Imprenditore antiracket suicida

Gela. Riccardo Greco aveva denunciato il pizzo, ma la sua azienda aveva ricevuto un'interdittiva antimafia. Il figlio: "Sconfitta dello Stato"

GELA (CALTANISSETTA) – “Mio padre è stato ucciso da una giustizia ingiusta e superficiale perché nessuno ha mai letto i nostri ricorsi”. A parlare è Francesco, il giovane figlio primogenito dell’imprenditore antiracket Rocco Greco (Riccardo, per gli amici) che martedì scorso si è suicidato sparandosi un colpo di pistola alla tempia, nel cantiere della sua azienda edile, specializzata nella raccolta e nello smaltimento dei rifiuti solidi urbani a Gela.

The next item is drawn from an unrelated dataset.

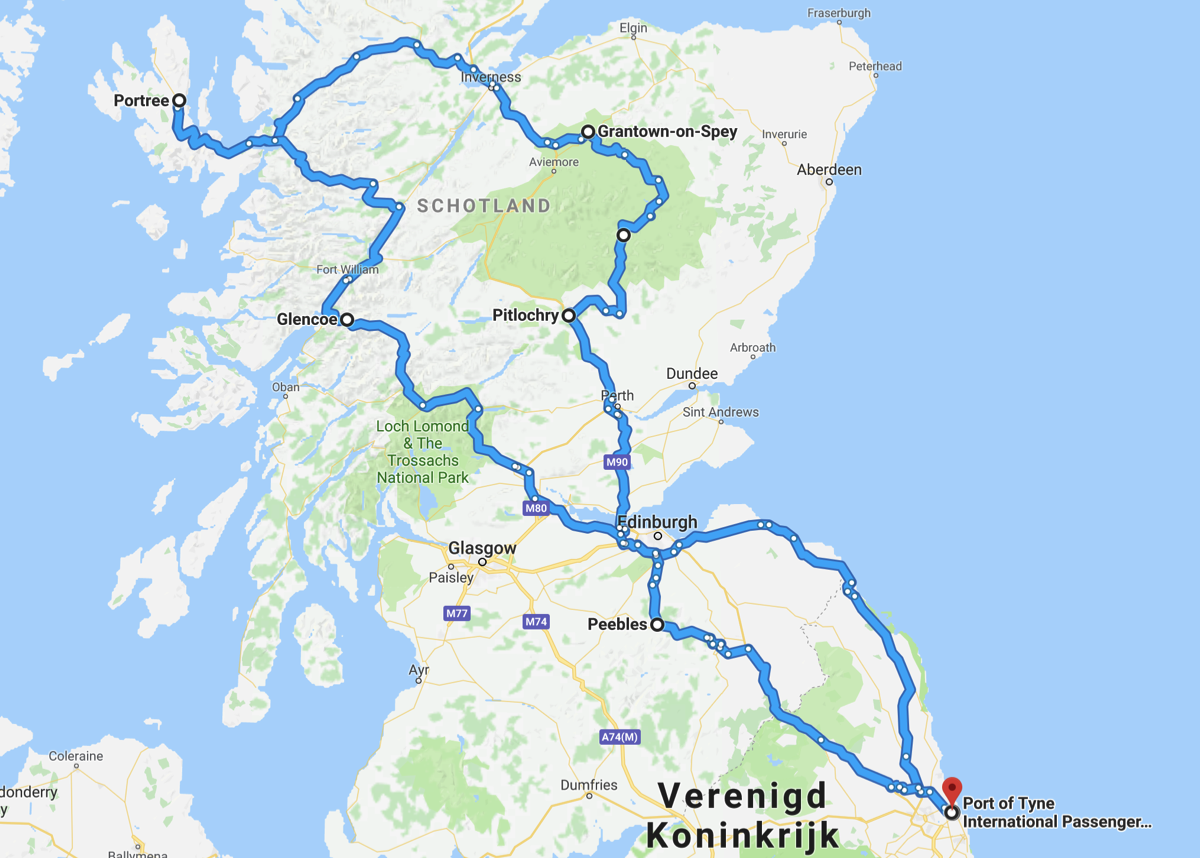 Bij benadering de route van de Grand Tour of Scotland van Schotland op Maat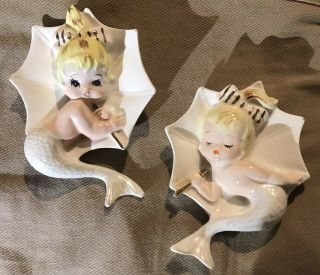 Vintage Enesco Mermaid Babies Umbrella Ceramic Wall Plaques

Una decisione, quella di Greco, messa in atto all’indomani del rifiuto opposto dal Tar di Palermo alla richiesta di sospendere la cosiddetta “interdittiva antimafia” della prefettura di Caltanissetta che l’aveva fatto escludere dalla “white list” delle imprese, come ricostruisce oggi il quotidiano “La Repubblica”.
“Se non sei nella white list non lavori più”, sottolinea Francesco. “Di colpo, mio padre si è trovato da cittadino coraggioso che aveva denunciato, fatto arrestare e condannare 11 esponenti del racket, a imprenditore senza appalti, costretto a licenziare i suoi 50 dipendenti e chiudere i cantieri”.
“Riccardo” Greco denunciò il “pizzo” nel 2007. Gli imputati si difesero accusando a loro volta l’imprenditore, che indicarono non come vittima ma come complice perché avrebbe pagato le tangenti in cambio dell’aiuto fornito dalle cosche mafiose per fargli vincere le gare d’appalto. Gli estortori furono condannati ma il pm aprì un’indagine a carico di Greco, conclusasi con l’archiviazione. La ditta continuò a lavorare e ad affermarsi in varie regioni. Ma alcuni mesi fa, quando chiese di partecipare alla ricostruzione post sisma nel Lazio, scoprì di non essere più nella “white list” delle imprese.
Il Tar del Lazio esaminando il suo ricorso lo definì “soggetto debole” cioè ipoteticamente “avvicinabile” dai mafiosi. “In due mesi – dice Francesco Greco – mio padre perse 25 contratti e la stima dei fornitori che ci guardavano come se avessimo un marchio in fronte. La Raffineria dell’Eni ci ha cacciati fuori costringendoci a smantellare di sabato e domenica il cantiere”.
“Ecco, mio padre non accettò di essere trattato in questo modo e decise di farla finita, anche perché molti, e persino l’associazione antiracket, gli avevano girato le spalle. Ora ci chiediamo: ma può un prefetto senza alcuna prova decidere la morte di un’azienda?”, conclude il figlio.